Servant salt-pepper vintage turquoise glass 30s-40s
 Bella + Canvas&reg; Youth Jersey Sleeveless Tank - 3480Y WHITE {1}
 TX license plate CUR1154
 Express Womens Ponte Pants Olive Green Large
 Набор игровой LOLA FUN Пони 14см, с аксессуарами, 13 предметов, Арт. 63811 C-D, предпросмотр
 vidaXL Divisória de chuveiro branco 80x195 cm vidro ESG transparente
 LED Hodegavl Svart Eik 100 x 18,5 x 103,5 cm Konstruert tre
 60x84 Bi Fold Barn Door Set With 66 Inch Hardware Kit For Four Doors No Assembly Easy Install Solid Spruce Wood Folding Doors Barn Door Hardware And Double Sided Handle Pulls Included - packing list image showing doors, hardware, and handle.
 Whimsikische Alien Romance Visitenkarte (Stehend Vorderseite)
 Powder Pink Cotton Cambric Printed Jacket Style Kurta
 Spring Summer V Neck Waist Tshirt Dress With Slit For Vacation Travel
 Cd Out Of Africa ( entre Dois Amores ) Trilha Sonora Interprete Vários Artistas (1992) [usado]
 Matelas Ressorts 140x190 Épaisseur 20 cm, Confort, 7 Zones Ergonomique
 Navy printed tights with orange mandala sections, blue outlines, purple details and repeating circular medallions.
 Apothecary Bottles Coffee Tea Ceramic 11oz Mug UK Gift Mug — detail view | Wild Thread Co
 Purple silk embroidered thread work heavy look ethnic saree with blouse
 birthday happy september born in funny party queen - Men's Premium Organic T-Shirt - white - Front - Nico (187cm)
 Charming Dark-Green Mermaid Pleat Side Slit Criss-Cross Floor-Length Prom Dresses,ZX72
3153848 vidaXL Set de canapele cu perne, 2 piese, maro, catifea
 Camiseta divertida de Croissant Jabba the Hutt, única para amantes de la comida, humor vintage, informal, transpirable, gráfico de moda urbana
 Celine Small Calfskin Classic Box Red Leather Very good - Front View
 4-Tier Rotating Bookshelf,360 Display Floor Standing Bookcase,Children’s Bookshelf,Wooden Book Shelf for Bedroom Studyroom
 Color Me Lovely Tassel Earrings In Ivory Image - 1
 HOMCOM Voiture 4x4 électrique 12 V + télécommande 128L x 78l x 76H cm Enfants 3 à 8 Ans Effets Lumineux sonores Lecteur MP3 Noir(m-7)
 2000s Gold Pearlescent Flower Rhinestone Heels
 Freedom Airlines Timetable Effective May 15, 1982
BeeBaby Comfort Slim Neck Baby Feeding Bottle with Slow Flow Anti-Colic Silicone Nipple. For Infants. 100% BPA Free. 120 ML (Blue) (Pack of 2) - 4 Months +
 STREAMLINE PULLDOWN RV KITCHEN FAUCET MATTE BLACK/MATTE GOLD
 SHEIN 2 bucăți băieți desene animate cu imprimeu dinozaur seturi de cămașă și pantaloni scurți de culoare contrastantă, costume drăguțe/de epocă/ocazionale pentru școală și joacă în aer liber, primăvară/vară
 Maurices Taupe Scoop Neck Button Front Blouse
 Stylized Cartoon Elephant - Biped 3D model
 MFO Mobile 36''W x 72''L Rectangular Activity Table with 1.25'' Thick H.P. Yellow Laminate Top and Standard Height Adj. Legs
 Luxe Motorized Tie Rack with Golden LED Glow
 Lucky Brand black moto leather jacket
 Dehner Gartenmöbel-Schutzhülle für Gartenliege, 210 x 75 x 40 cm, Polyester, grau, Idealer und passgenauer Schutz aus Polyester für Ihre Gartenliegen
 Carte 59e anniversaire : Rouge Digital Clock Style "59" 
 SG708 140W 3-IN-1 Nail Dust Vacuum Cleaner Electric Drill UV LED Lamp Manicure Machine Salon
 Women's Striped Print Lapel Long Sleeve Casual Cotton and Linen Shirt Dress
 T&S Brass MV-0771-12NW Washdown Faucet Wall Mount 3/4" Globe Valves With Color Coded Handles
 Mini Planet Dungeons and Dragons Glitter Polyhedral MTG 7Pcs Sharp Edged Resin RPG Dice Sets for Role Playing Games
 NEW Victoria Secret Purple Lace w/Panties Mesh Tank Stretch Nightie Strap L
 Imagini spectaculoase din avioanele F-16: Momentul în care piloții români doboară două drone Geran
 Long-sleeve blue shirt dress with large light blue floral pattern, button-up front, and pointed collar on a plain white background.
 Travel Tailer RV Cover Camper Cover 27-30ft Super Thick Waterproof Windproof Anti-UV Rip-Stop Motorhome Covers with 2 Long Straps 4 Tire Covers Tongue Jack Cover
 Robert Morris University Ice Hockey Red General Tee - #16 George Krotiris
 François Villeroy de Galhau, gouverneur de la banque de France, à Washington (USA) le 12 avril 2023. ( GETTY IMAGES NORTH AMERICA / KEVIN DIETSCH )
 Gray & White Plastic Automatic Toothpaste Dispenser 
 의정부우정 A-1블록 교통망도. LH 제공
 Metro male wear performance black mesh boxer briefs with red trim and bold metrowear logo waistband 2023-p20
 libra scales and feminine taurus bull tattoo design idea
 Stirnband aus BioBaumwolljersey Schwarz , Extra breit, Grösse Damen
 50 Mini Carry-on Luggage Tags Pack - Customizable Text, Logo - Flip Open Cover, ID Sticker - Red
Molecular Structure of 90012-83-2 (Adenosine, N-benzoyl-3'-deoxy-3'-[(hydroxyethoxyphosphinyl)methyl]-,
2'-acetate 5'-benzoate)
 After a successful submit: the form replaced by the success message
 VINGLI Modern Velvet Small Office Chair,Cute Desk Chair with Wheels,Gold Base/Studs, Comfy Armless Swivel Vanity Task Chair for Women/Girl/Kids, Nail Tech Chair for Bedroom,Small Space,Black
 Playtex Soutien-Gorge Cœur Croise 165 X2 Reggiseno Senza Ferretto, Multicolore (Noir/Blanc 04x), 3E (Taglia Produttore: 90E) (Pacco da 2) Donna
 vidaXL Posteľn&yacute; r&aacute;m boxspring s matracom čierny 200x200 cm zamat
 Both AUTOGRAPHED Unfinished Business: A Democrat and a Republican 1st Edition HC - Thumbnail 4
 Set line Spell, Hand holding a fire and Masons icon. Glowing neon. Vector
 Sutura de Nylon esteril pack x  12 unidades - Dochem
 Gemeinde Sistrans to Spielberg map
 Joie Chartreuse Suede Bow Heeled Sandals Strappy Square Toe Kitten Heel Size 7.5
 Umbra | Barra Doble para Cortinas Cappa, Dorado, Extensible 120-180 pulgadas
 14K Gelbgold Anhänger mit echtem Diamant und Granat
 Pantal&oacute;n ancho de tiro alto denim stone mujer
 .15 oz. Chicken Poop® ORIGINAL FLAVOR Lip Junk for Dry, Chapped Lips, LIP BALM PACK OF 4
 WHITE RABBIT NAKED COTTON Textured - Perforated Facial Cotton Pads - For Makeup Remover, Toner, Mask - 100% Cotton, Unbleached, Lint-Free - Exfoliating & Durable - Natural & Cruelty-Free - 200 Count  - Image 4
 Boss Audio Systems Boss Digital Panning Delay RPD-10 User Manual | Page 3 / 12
--------
# Task objective
Repeat the lines from the first one in the records through the line containing "vidaXL Divisória de", exactly as written, and nothing else.

# Result
Servant salt-pepper vintage turquoise glass 30s-40s
 Bella + Canvas&reg; Youth Jersey Sleeveless Tank - 3480Y WHITE {1}
 TX license plate CUR1154
 Express Womens Ponte Pants Olive Green Large
 Набор игровой LOLA FUN Пони 14см, с аксессуарами, 13 предметов, Арт. 63811 C-D, предпросмотр
 vidaXL Divisória de chuveiro branco 80x195 cm vidro ESG transparente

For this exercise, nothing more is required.